Crawled caption data
========================================
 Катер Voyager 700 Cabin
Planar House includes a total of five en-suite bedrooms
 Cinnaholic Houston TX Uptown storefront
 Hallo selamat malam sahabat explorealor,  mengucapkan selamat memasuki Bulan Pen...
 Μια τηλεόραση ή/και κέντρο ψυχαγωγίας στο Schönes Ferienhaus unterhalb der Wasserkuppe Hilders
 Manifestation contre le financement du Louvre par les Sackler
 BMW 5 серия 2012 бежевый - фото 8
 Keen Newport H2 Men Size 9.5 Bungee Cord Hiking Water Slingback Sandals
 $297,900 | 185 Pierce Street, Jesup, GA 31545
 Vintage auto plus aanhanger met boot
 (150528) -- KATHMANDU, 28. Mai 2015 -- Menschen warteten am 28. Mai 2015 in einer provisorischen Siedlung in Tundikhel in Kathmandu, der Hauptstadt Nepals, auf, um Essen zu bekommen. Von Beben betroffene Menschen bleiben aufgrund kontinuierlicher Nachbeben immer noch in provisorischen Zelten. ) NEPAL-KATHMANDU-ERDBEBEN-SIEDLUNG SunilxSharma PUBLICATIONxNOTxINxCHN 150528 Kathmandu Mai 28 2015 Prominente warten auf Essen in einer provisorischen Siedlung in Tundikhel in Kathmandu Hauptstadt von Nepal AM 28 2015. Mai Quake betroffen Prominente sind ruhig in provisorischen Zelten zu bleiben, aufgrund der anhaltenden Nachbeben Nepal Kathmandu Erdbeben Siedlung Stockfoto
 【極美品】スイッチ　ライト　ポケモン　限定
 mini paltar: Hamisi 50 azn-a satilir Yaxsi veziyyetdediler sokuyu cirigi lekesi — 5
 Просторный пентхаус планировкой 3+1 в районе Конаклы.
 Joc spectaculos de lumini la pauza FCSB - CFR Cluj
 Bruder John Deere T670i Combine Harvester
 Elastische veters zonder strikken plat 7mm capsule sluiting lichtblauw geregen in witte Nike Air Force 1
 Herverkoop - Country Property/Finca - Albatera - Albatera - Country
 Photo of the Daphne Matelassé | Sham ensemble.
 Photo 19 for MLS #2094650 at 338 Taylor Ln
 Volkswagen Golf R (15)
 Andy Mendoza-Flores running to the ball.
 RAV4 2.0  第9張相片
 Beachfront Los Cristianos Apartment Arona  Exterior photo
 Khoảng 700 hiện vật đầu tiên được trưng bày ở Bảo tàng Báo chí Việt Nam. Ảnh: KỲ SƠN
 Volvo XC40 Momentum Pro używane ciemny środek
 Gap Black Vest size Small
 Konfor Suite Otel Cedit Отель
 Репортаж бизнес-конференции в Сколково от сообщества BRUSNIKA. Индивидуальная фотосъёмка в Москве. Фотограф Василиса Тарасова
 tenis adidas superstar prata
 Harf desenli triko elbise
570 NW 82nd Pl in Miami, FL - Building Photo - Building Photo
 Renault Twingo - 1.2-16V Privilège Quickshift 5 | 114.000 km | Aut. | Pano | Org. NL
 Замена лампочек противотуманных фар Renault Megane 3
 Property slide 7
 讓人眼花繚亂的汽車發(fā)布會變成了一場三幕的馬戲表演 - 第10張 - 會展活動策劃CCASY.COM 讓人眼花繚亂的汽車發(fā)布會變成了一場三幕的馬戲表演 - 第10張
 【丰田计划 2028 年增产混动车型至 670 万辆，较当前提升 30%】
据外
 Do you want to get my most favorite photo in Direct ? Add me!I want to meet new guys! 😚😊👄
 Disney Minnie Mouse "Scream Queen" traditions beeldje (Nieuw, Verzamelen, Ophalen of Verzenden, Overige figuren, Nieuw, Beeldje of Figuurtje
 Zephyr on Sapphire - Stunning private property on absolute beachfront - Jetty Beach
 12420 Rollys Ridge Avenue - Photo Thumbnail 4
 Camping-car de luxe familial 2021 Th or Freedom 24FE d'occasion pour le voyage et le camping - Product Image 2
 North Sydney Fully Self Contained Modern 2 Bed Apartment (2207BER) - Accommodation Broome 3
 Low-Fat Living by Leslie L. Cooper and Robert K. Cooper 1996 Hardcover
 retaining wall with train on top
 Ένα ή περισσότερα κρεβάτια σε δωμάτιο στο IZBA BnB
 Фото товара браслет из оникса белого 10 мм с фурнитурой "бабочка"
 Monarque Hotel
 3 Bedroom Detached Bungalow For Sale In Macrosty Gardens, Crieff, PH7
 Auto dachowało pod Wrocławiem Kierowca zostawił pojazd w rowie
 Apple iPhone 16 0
========================================
**What is required**. Begin at the first line of the records above and restate each line word for word, stopping after the line with "Vintage auto plus aanhanger met boot".

**Task result**.
 Катер Voyager 700 Cabin
Planar House includes a total of five en-suite bedrooms
 Cinnaholic Houston TX Uptown storefront
 Hallo selamat malam sahabat explorealor,  mengucapkan selamat memasuki Bulan Pen...
 Μια τηλεόραση ή/και κέντρο ψυχαγωγίας στο Schönes Ferienhaus unterhalb der Wasserkuppe Hilders
 Manifestation contre le financement du Louvre par les Sackler
 BMW 5 серия 2012 бежевый - фото 8
 Keen Newport H2 Men Size 9.5 Bungee Cord Hiking Water Slingback Sandals
 $297,900 | 185 Pierce Street, Jesup, GA 31545
 Vintage auto plus aanhanger met boot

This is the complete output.